The lighter colored material is fibrous vein fill that occupies this fault in some shales. That a fault exists where the veins are located is evident by how the more shallowly dipping bedding and fissility in the footwall truncates against the fault (footwall cutoff). The bedding and shale fissility in the hanging wall is parallel to the fault (hanging wall flat). The veins have a distinctly brittle character, in contrast to the soft-sediment deformation seen above. Our interpretation is that lithification and deformation were occurring at the same time, and that early and shallower stages of deformation had a soft-sediment character, while later and deeper deformation has a brittle style. The presence of veins parallel to the fault also suggests that high fluid pressures were involved, which we will see later in the course are often a very crucial factor in facilitating faulting.
Faults in the Niobrara Chalks of Kansas (and elsewhere)
This is a view of a planar normal fault in Niobrara Chalks (Cretaceous) exposed at Castle Rock, west central Kansas. A thin bit of fault rock can be seen in the upper portion, but otherwise the fault does not appear to have a damage zone, and appears as distinct, singular slip surface. Such faults are found widely distributed in Niobrara Chalks are proposed to be burial and compaction related and not tectonic in origin.
This is a close up of the fault surface of one of these faults, which is dipping toward the viewer. The fault surface is ornamented with linear features in a down-dip position, and these are interpreted to provide the direction of movement in the fault plane. A close up is provided below.
In this close-up of the above fault surface these linear features can be seen to be micro-corrugations, small wrinkles in the fault surface. The corrugated slip surface bounds calcite vein material immediately beneath that comprises the fault zone. These are similar to calcite slickensides seen on fault surfaces, but one subtle difference is that here the calcite is not a fibrous mineral growth in the direction of fault movement, but coarse sparry, calcite. There is evidence that this sparite has replaced an earlier mineral. Corrugations occur on faults at multiple scales, and the reasons for these corrugations are not particularly well known. Also note the small steps in the slip surface. In this particular rock these form where breakage occurred along a small fault-oblique micro-vein that linked two of corrugated slip surfaces, a geometry that characterizes the faults in the Niobrara.

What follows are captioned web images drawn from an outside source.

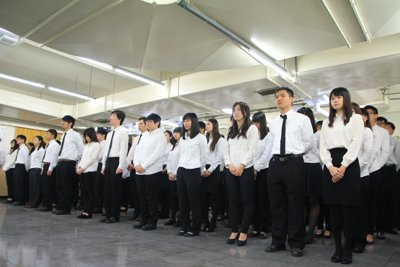 20140214088.jpg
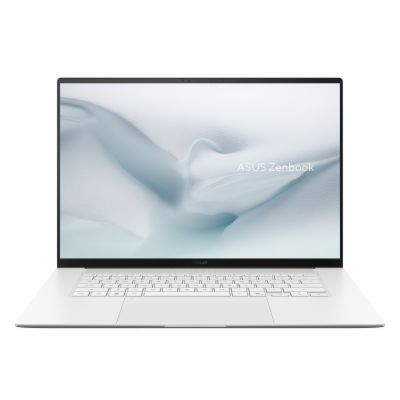 ASUS Vivobook 16 Flip - Core Ultra 7 256V/16GB/1TB SSD/16...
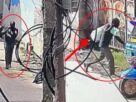 UP CRIME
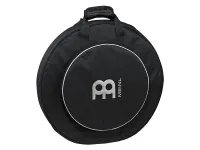 MCB22-BP Чехол для тарелки 22", с лямками, Meinl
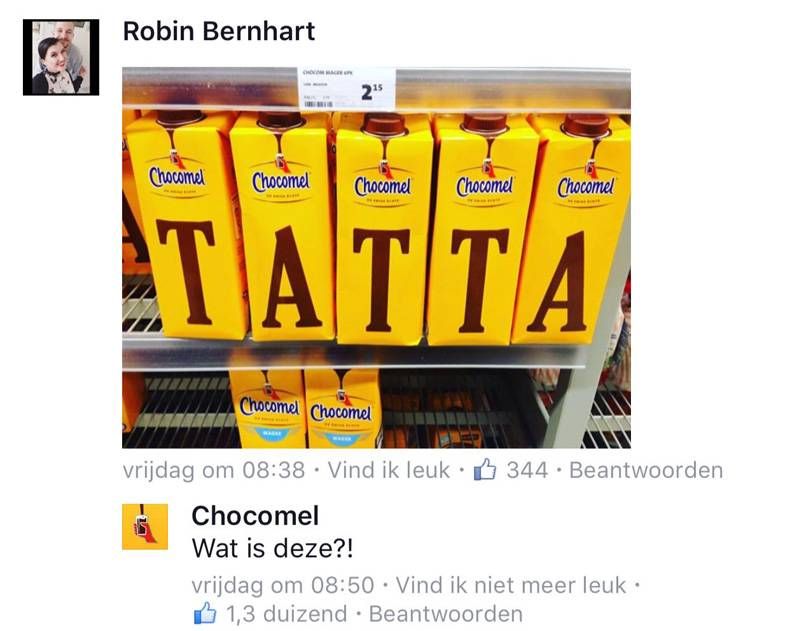 Gewoon een verzameling hilarische foto's #733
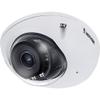 FD9366-HV-F2-F3 2MP Outdoor Network Dome Camera with Night Vision & 2.8mm Lens view 1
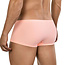 Clever apolo latin boxershort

Here the surrounding softer chalk has largely weathered away, and the fault zone, composed of sparry calcite, is ore resistant and sticks out as a small fin on top of this small knoll. The micro-corrugations can be seen, and a close look shows some of these to occur in distinct irregularly lenticular pods elongate to the corrugations. There is also some sulfide mineralization that occurred (the rusty colored material).